• **ASSIGNMENT**
In the copy, include every entry exactly but none of the pictures.

• **Dataset entries**
╔══
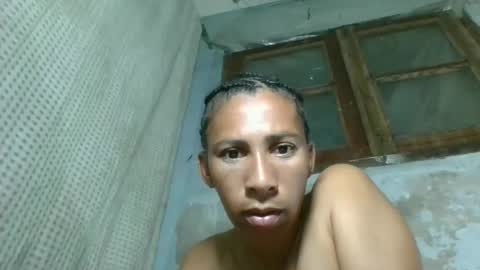 Snapshot of elia011 chatting on 03-01-26, 07:05 elia011 online show from 03-01-26, 07:05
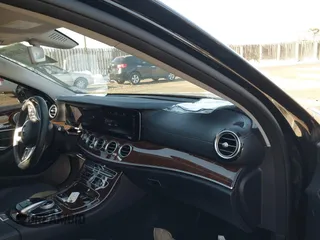 2020 Mercedes-Benz E-Class E 350 with VIN W1KZF8EB4LA823422, listed as a IAAI auction lot 41311710 with 39,027 mi miles. Bid and sale history available at carsss.com. Image 5.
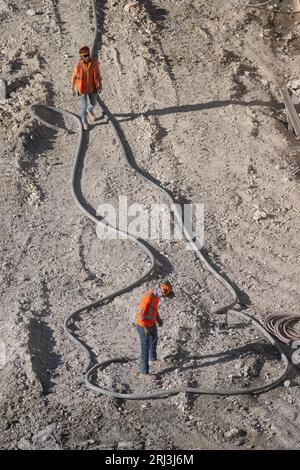 Austin, Texas, États-Unis. 17 août 2023. Les équipes de construction du Texas travaillent à creuser les fondations de deux nouveaux immeubles de bureaux de l'État de cinq et huit étages juste au nord du Capitole du Texas à Austin le 17 août 2023. Les travailleurs travaillent sous une vague de chaleur implacable et record au Texas de plus de 45 jours au-dessus de 100 degrés de température. Le bâtiment ouvrira en 2026 pour consolider plusieurs agences de l'État maintenant dans l'espace loué. (Image de crédit : © Bob Daemmrich/ZUMA Press Wire) USAGE ÉDITORIAL SEULEMENT! Non destiné à UN USAGE commercial ! Banque D'Images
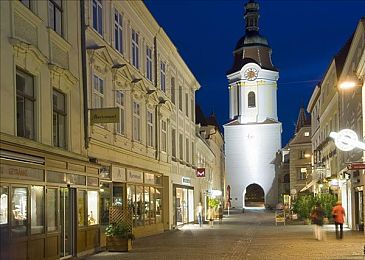 男人掏女人阴道软件：《暗影潜袭》今日上线，独创神经潜入玩法重塑赛博黑客体验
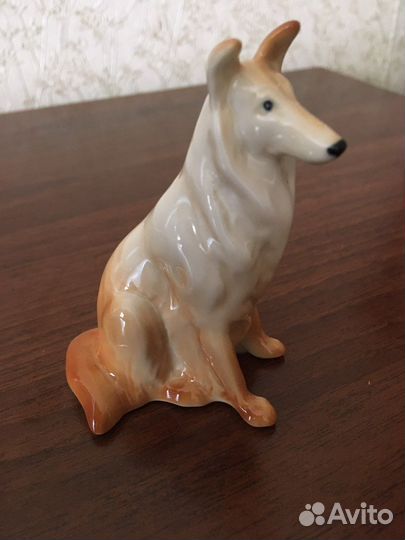 Фарфоровые статуэтки собака лфз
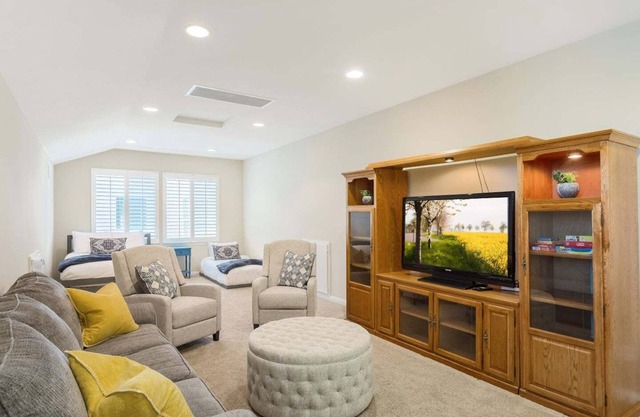 Beautiful Family Home, Large Patio & Backyard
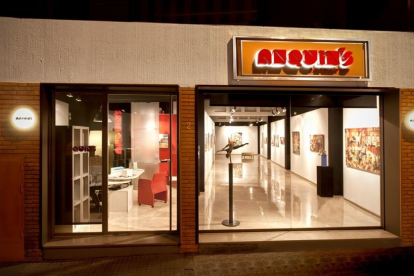 La galería Anquin's Gallery se encuentra en la calle Campoamor de Reus.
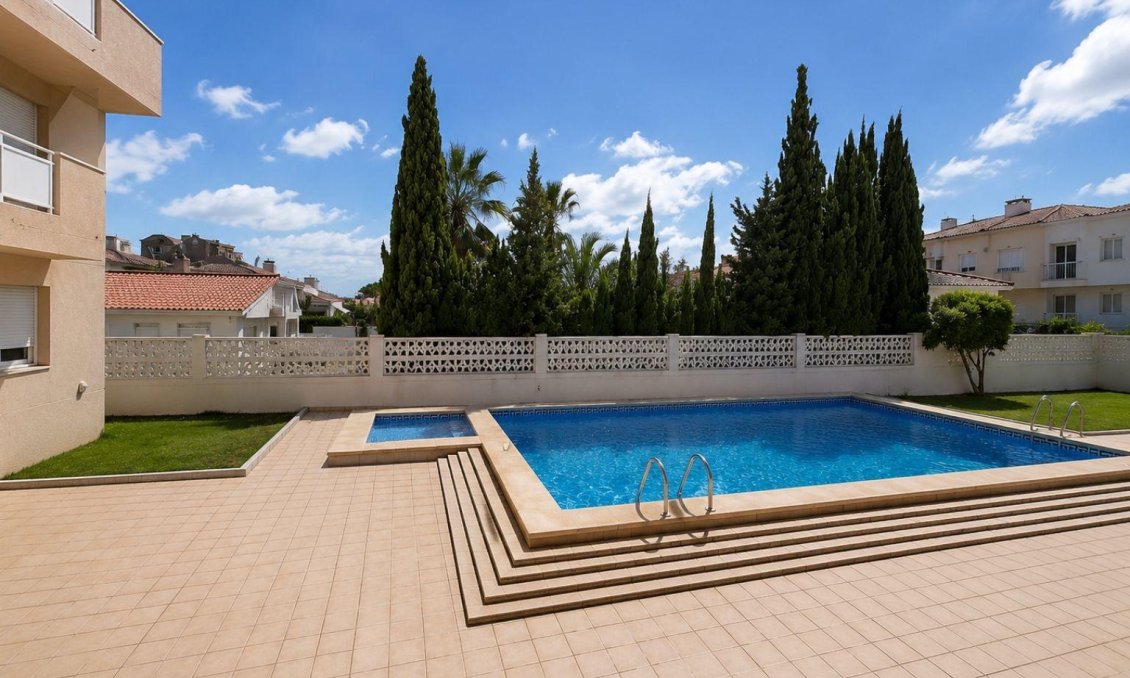Használt Ingatlanok - Apartman -
Torrevieja - Nueva Torrevieja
╚══
• **COMPLETED TASK**
 Snapshot of elia011 chatting on 03-01-26, 07:05 elia011 online show from 03-01-26, 07:05
 2020 Mercedes-Benz E-Class E 350 with VIN W1KZF8EB4LA823422, listed as a IAAI auction lot 41311710 with 39,027 mi miles. Bid and sale history available at carsss.com. Image 5.
 Austin, Texas, États-Unis. 17 août 2023. Les équipes de construction du Texas travaillent à creuser les fondations de deux nouveaux immeubles de bureaux de l'État de cinq et huit étages juste au nord du Capitole du Texas à Austin le 17 août 2023. Les travailleurs travaillent sous une vague de chaleur implacable et record au Texas de plus de 45 jours au-dessus de 100 degrés de température. Le bâtiment ouvrira en 2026 pour consolider plusieurs agences de l'État maintenant dans l'espace loué. (Image de crédit : © Bob Daemmrich/ZUMA Press Wire) USAGE ÉDITORIAL SEULEMENT! Non destiné à UN USAGE commercial ! Banque D'Images
 男人掏女人阴道软件：《暗影潜袭》今日上线，独创神经潜入玩法重塑赛博黑客体验
 Фарфоровые статуэтки собака лфз
 Beautiful Family Home, Large Patio & Backyard
 La galería Anquin's Gallery se encuentra en la calle Campoamor de Reus.
Használt Ingatlanok - Apartman -
Torrevieja - Nueva Torrevieja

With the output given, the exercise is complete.